The Legality and Ethicality of Taking State and Local Taxes as a Charitable Contribution

Luke Holcomb


The Tax Cut and Jobs Act (TCJA) of 2017 fundamentally altered the tax system for corporations and individuals. One of the main objectives of the TCJA with respect to individuals is to increase simplicity by encouraging more taxpayers to take the standard deduction instead of itemizing their deductions. This was set to be largely achieved by doing two main things. First, the TCJA nearly doubled the standard deduction. The second way was to eliminate or limit the deductions that taxpayers that normally itemize can deduct on their tax return. Prior to the changes, the state and local tax (SALT) deduction had no limit and was one of the most commonly claimed deductions for those filers who itemized their deductions. However, the TCJA limits the SALT deduction to $10,000 for both single and married filers. As a workaround many high-tax states passed measures that would allow individual taxpayers to make a “charitable contribution” to state charitable funds in lieu of paying state income taxes.

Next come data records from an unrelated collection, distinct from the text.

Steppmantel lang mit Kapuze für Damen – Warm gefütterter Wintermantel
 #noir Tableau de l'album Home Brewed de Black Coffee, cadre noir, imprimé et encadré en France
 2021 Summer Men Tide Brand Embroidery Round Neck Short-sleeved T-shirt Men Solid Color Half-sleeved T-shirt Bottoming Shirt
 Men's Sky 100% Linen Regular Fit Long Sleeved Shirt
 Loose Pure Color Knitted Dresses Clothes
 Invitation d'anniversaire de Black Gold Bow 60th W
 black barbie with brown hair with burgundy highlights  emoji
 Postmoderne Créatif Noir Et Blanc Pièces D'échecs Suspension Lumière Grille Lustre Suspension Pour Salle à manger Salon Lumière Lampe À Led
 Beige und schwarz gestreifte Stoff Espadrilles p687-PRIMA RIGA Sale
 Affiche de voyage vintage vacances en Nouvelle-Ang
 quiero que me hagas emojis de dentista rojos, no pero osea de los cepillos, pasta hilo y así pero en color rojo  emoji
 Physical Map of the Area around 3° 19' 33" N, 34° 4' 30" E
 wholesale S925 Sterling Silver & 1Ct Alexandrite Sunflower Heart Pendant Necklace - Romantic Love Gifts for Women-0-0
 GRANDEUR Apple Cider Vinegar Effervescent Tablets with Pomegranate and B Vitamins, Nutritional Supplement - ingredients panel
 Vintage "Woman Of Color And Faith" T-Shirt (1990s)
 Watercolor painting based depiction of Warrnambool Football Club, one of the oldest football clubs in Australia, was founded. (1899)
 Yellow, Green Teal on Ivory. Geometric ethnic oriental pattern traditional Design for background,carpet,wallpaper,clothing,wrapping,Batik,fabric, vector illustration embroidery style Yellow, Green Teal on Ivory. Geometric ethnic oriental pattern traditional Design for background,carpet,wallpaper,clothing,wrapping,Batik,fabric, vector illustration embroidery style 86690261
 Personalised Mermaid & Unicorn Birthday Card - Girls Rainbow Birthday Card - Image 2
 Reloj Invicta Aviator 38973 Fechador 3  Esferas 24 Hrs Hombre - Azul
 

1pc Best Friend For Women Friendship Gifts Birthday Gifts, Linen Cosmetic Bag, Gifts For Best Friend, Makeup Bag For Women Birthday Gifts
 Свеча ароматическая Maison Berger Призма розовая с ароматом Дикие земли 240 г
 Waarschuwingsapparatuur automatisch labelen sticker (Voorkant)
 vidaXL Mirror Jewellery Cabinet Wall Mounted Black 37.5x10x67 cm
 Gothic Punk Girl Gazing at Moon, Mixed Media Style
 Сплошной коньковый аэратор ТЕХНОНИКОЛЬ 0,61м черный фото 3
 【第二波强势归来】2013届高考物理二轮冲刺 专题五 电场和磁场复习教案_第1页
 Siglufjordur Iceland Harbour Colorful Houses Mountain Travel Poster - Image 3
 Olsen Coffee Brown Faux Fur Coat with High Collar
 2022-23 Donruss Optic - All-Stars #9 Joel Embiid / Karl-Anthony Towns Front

The ethicality and legality of this possibility has been called into question and will be examined throughout the course of this paper. It is concluded that the common workaround of giving a credit in return for a contribution to a state charitable fund should be effective in avoiding the SALT deduction limitation due to the case law backing this method. The impacts of considering SALT as a charitable contribution would cost the federal government a significant amount of revenue and benefit mostly the wealthy. The most effective solution to the whole matter is for Congress to address these concerns, but for now this method that the states have created to allow individual taxpayers to circumvent the SALT limitation should stand.